Da scheint mir die Idee, dass "ist wahr" nur eine Art ist, über Sätze
zu reden, doch bestechend.

(Jetzt darf man natürlich sagen, dass wir in der Alltagssprache sowas
wie "Aussage X ist wahr" ist wahr niemals gebrauchen würden. Daher ist
der Einwand im Grunde irrelevant.)

> "Die Bedeutung eines Satzes zu kennen, heißt zu wissen, unter welchen
> Bedingungen er wahr ist." ist von Wittgenstein, oder? Es entspricht dem, was
> ich gesagt hatte und daher werde ich es wohl auch haben.

Jain.

Er stammt jedenfalls aus dem Umfeld des Wiener Kreises und diese
wiederum haben ja Wittgenstein "verschlungen".

> Den Erklärungsgehalt wollte ich eher dem ptolemäischen und kopernikanischen
> Modell absprechen. Das kopernikanische ist insofern einfacher (um auf Deine
> gleich folgende Frage zu antworten) als es mit Kreisen auskommt. Ptolemäus
> braucht kompliziertere Figuren, mit denen sich, wenn ich mich nicht irre,
> die Planetenbewegungen aber ebenso zuverlässig vorhersagen lassen.

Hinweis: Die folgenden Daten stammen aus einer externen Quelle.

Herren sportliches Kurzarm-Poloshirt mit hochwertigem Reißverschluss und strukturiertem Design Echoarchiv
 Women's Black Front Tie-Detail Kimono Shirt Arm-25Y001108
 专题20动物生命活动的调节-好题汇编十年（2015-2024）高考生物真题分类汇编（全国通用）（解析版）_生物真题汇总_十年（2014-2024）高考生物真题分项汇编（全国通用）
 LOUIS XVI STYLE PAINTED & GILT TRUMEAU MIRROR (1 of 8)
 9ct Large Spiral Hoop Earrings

Ich schieb es mal ein: Ich glaube, ich habe mal bei Kuhn gelesen, dass
das Kopernische Modell mit den Kreisen sogar komplexer war als
Ptolemäus. Jedenfalls war es einige mathematische Detailarbeit, um die
Unterschiede hinsichtlich einfachheit zu bewerten.

Kepler hat sich ja grade durchgesetzt, weil er auf Kreise verzichtete.

[...]
>> Du sprichst einen sehr wenigen Punkt an. Und der Punk ist, um
>> Illusionen von korrekten Beschreibungen abzugrenzen, braucht man
>> bereits eine gewisse Theorie. Eine Theorie der Wahrnehmung oder
>> Erkenntnis.
>> Eine Illusion im Sinne einer optischen Täuschung ist ja erst mal was
>> objektives. Wenn wir beide etwa einem Penrose-dreieck gegenübersehen,
>> dann sehen wir beide das selbe. Erst wenn wir den Blickwinkel ändern,
>> sieht es Objekt anders aus.
[...]
> Die Verallgemeinerung des Satzes "ich kann mich über meine Eindrücke nicht
> irren wäre "das und das ist nicht möglich".
> Das verstehe ich nur, wenn ich
> weiß, was genau nicht möglich sein soll. Ich würde also um eine Beschreibung
> meinetwegen frei erfundener Umstände bitten, unter denen Du sagen würdest,
> daß Du Dich über Deine Eindrücke geirrt hast. Nur dann weiß ich, was durch
> den Satz ausgeschlossen werden soll.

Wenn du wünscht, versuche ich etwas anzugeben:
Nehmen wir einmal an du hättest auf einmal einen heftigen Eindruck von
Röte im gesamten Gesichtsfeld. Unter normalen Umständen würdest du
davon ausgehen, dass etwas am Licht verändert wurde und zwar so
schnell, dass deine Augen sich nicht einstellen könnten (unter rotem
Licht wirkt alles rot).
In Wahrheit hat dir aber vielleicht ein sehr guter Hypnotiseur oder
ein Neurologe mittels seiner Technik so eine Eindruck suggeriert.

Dein Eindruck bezog sich demnach nicht auf etwas, das draußen in der
Welt war, sondern auf etwas, dass sich in deinem Kopf, sozusagen in
deinen Wahrnehmungsapparat selbst zugetragen hat.